** Available data follows **
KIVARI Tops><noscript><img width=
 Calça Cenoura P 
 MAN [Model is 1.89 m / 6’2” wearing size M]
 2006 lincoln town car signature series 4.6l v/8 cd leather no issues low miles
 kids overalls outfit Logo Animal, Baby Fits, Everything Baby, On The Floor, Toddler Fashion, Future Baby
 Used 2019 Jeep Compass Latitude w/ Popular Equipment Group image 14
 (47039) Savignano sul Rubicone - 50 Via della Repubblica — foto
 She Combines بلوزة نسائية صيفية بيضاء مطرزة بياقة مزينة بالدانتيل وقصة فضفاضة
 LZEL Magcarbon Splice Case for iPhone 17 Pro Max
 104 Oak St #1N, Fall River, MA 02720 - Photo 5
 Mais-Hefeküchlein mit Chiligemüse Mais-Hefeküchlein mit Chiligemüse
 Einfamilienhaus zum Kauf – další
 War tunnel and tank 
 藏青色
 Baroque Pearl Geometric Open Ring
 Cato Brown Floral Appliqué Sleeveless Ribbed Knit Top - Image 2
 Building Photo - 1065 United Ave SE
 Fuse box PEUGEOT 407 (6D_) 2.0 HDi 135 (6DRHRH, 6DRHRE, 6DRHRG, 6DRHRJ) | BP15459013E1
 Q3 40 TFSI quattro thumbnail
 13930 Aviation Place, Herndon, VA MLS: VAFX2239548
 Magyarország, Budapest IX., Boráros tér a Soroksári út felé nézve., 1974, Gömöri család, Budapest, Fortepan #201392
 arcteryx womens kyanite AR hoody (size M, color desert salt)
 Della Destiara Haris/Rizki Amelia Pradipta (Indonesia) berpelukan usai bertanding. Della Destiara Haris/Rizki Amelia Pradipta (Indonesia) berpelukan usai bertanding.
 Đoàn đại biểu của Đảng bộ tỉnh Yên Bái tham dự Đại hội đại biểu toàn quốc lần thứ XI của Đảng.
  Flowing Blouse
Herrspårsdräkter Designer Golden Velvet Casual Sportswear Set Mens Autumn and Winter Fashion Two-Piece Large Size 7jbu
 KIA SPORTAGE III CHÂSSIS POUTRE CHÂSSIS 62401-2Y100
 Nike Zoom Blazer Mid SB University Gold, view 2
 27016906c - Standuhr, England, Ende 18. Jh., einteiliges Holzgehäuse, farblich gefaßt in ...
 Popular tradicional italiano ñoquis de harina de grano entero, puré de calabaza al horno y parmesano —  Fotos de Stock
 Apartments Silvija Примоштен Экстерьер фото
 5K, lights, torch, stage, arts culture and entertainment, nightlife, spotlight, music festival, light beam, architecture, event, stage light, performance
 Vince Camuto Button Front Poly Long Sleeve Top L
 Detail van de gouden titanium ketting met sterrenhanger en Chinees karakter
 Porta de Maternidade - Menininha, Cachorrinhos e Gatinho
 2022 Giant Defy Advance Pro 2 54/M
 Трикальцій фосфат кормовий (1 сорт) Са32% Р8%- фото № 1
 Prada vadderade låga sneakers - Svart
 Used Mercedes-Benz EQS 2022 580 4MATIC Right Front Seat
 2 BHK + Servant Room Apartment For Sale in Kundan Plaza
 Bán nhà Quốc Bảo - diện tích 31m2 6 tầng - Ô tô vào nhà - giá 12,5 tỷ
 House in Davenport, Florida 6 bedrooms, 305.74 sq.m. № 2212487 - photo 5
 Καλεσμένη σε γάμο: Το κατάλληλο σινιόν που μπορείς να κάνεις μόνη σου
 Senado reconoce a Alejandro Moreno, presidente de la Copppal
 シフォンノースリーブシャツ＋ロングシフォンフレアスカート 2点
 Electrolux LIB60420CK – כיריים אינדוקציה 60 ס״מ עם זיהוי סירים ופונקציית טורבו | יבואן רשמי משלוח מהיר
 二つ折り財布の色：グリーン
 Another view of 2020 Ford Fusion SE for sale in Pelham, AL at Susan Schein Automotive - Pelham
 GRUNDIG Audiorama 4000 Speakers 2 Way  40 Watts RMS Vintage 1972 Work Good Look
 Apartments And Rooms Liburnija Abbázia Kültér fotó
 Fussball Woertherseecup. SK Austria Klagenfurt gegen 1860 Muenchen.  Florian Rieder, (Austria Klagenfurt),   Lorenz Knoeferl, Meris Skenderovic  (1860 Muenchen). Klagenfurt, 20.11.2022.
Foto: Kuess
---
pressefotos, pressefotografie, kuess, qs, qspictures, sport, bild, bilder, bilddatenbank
** End of Available data **
Establish how many lines of the entries hold the word "фото", giving nothing but the number.

2